WHAT TO DO » Please give all of the data again, character for character, and drop the pictures.

GIVEN MATERIAL »
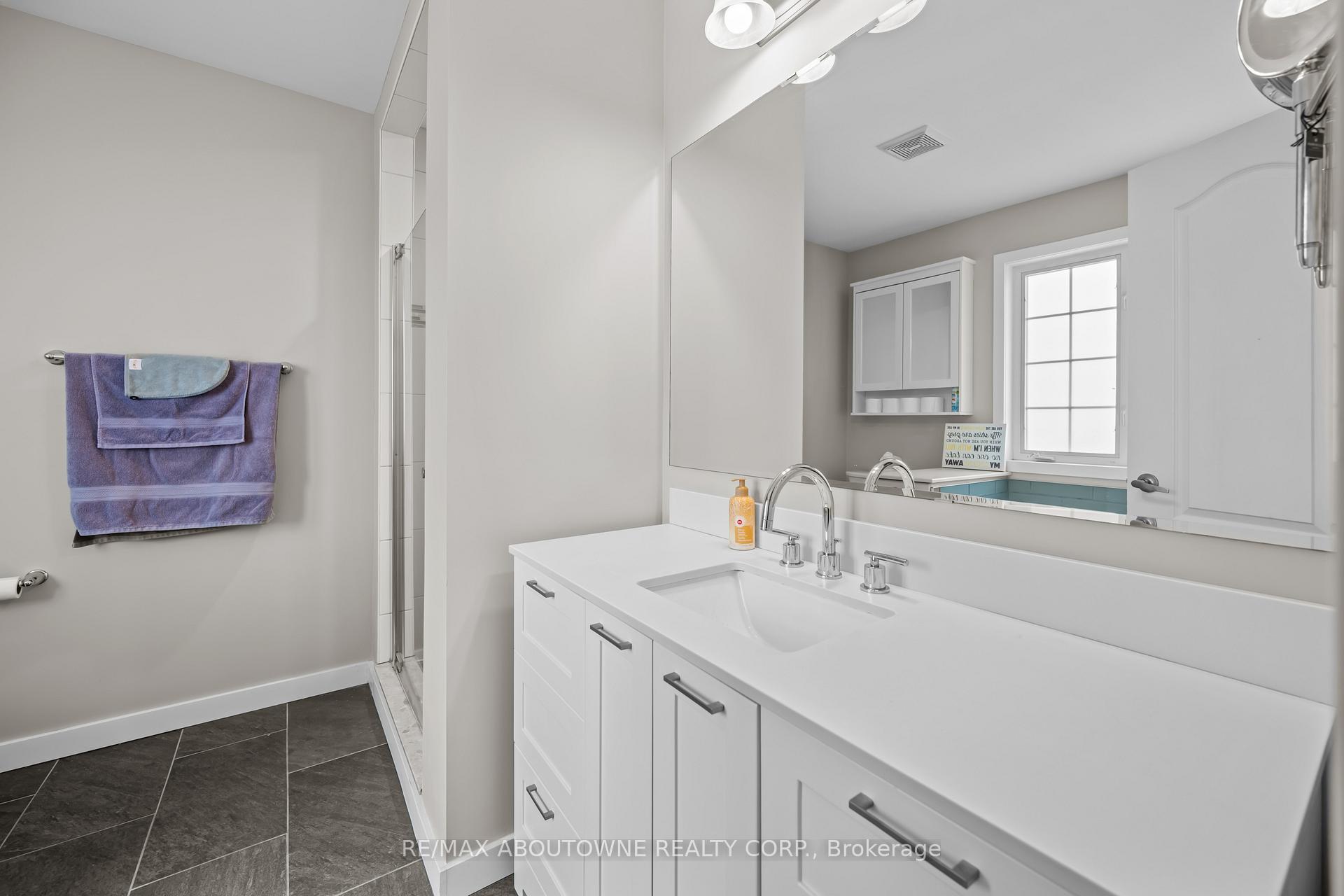 Photo 18 of 889 Zelinsky Crescent, Milton, Coates — HOMEH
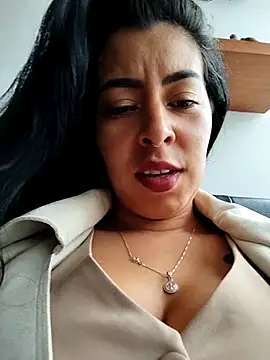 Emily Wane online show from 10-18-25, 04:41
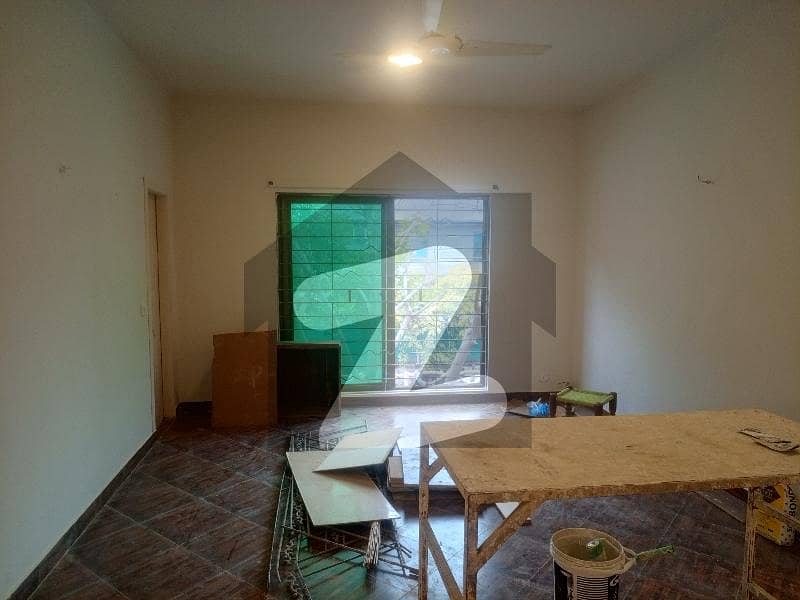 10 Marla Upper Portion For Rent 10 Marla Upper Portion For Rent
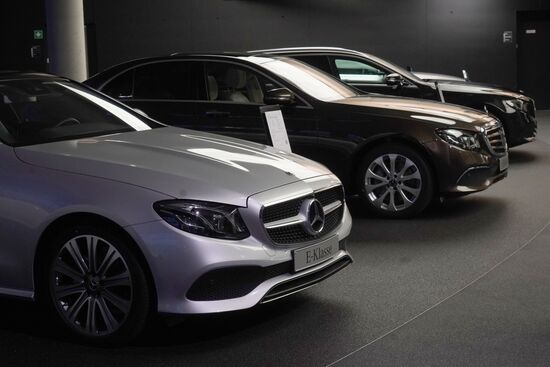 Mercedes-Benz sales office in Berlin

RESULT OF THIS EXERCISE »
 Photo 18 of 889 Zelinsky Crescent, Milton, Coates — HOMEH
 Emily Wane online show from 10-18-25, 04:41
 10 Marla Upper Portion For Rent 10 Marla Upper Portion For Rent
 Mercedes-Benz sales office in Berlin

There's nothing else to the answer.